Data items:
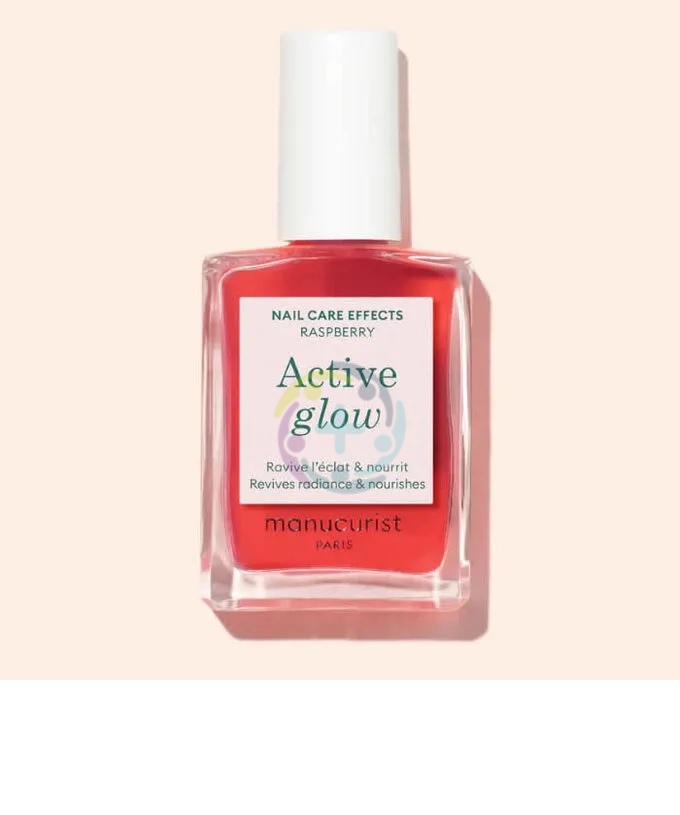 Luxury Lab Cosmetics Manucurist Active Glow Smalto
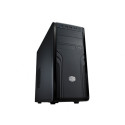 Cooler Master FOR-500-KKN1 Case (FOR-500-KKN1)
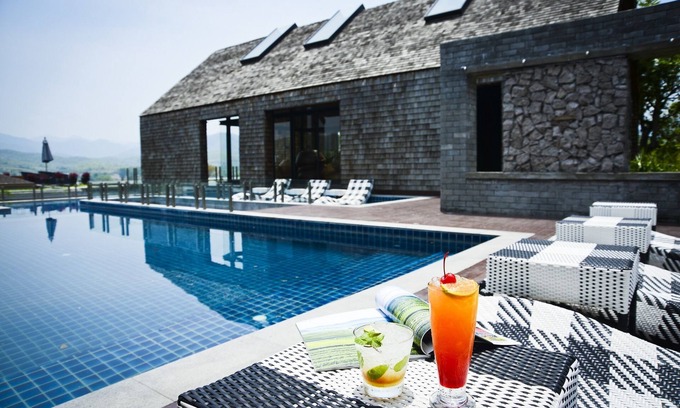 Pai Villa | Puripai Villa Wellness & Retreat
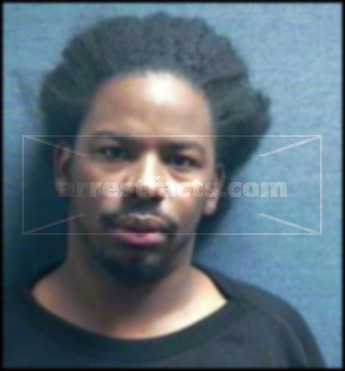 Brandon Jamar Landrum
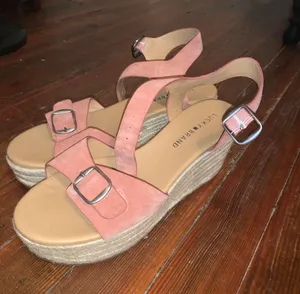 Lucky Brand Wedges thumbnail 1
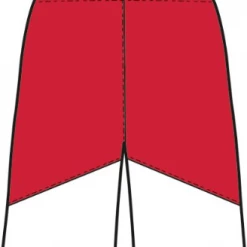 Stock Uniforms WOMEN'S NIKE PRACTICE SHORT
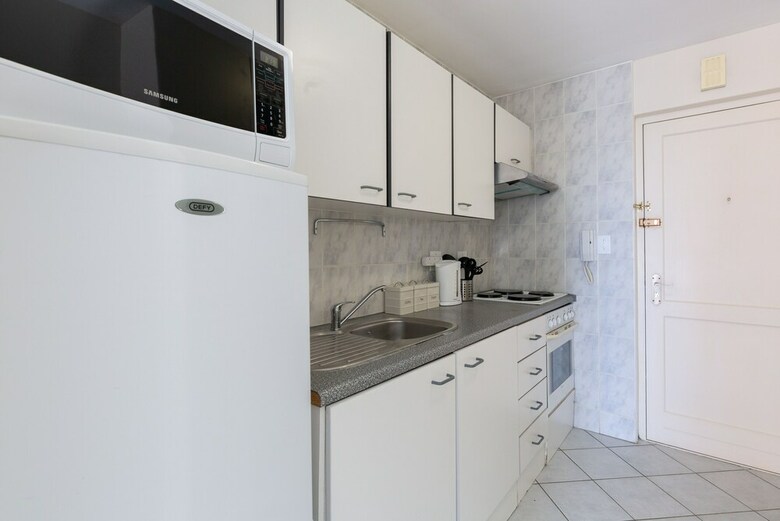 Apartamentos Ocean View A201b By Ctha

= TASK STATEMENT =
Could you restate every record above word for word, leaving the pictures out?

= SOLUTION TO THIS TASK =
 Luxury Lab Cosmetics Manucurist Active Glow Smalto
 Cooler Master FOR-500-KKN1 Case (FOR-500-KKN1)
 Pai Villa | Puripai Villa Wellness & Retreat
 Brandon Jamar Landrum
 Lucky Brand Wedges thumbnail 1
 Stock Uniforms WOMEN'S NIKE PRACTICE SHORT
 Apartamentos Ocean View A201b By Ctha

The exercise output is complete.